Uno de los nombres que abrió camino en esta nueva etapa fue Rodolfo De Lavalle, quien desde su proyecto “Acá se toca vallenato” apostó por recuperar una manera más tradicional de entender el género. De Lavalle, reconocido acordeonero y ganador de importantes festivales, decidió convertirse también en cantante y poner el acordeón y la voz en un mismo escenario. Su proyecto nació con la intención de mantener vivo el vallenato clásico y acercarlo nuevamente a los jóvenes.

Después apareció Dolcey Miguel, hijo del reconocido maestro Dolcey Gutiérrez, quien también ha asumido esa doble condición. El propio Dolcey Miguel define la diferencia con claridad: su padre es “un cantante que toca acordeón”, mientras él se considera “un acordeonero que canta”.

Ahora, esa fórmula vuelve a tomar fuerza con Edgardo Bolaño, integrante de una de las dinastías más tradicionales del folclor. Bolaño ha dejado claro que su visión va más allá de ejecutar el instrumento: “Yo compongo, toco y canto como debe ser un rey vallenato”, afirmó recientemente al hablar de su aspiración en el Festival de la Leyenda Vallenata.
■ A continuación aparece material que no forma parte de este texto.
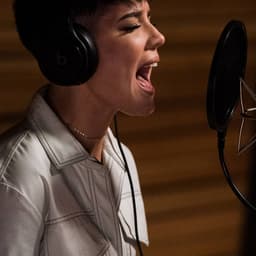 A Short Film For A Brazilian Artist's Debut Album cover image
Y aquí está precisamente lo interesante: más que una tendencia, lo que estos artistas están haciendo es recuperar la esencia del juglar.
Durante buena parte de la historia del vallenato, el acordeonero no era simplemente el músico que acompañaba al cantante. Era protagonista. Componía, tocaba, cantaba, improvisaba y contaba historias. Era un artista integral. La aparición de nuevas generaciones capaces de asumir nuevamente esos roles devuelve al acordeón su condición de instrumento protagonista y fortalece la identidad narrativa del vallenato.
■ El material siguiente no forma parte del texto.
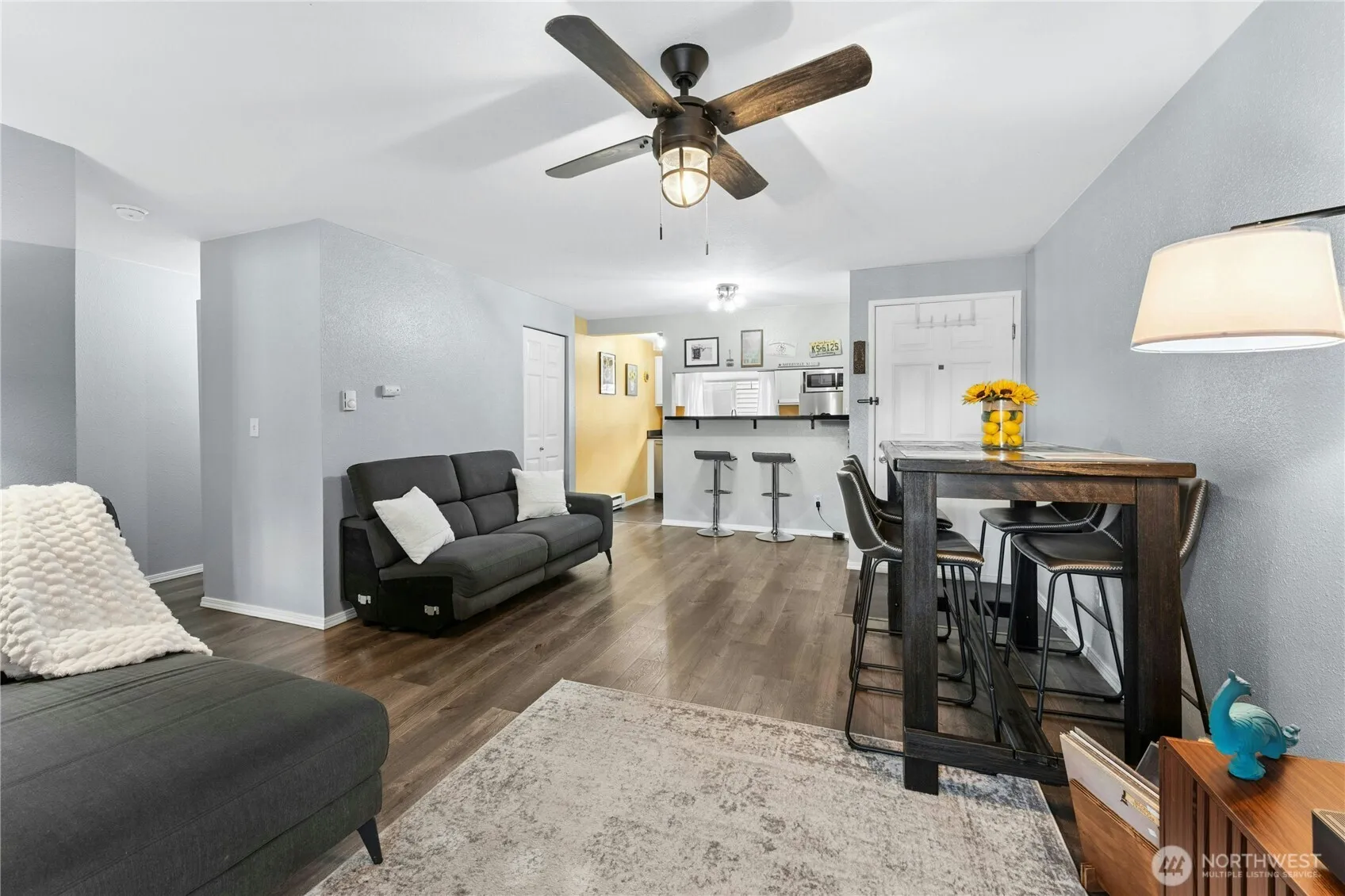 Property photo for 1132 N 198th Street #c302, Shoreline photo 5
En el caso de Bolaño, además, existe un componente de enorme peso histórico. El artista pertenece a la dinastía de Chico Bolaño, una figura fundamental de la tradición vallenata, y desde joven ha construido su carrera alrededor del acordeón y los festivales.
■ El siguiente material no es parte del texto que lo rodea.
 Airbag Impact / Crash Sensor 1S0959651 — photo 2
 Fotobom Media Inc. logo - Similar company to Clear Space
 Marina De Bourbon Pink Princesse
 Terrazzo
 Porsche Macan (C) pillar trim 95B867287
La importancia de esta corriente está también en que amplía las posibilidades del vallenato sin necesidad de alejarlo de su esencia. En un momento en que el género continúa incorporando sonidos urbanos, fusiones y nuevas formas de producción, ver a jóvenes artistas que quieren cantar mientras tocan acordeón representa una manera de mirar hacia adelante mirando también hacia atrás.

Quizás por eso la fórmula está conectando. Porque cuando un artista se sienta frente al acordeón, abre el fuelle y al mismo tiempo cuenta su propia historia con la voz, el vallenato vuelve a sentirse como una conversación entre el músico y el público.
Rodolfo De Lavalle abrió una puerta con “Acá se toca vallenato”. Dolcey Miguel mostró que esa dualidad también puede tener una identidad contemporánea. Y ahora Edgardo Bolaño se suma a un movimiento que podría terminar siendo mucho más que una tendencia pasajera: el regreso del acordeonero-cantor, una figura que rescata el espíritu del juglar y le recuerda al vallenato de dónde viene.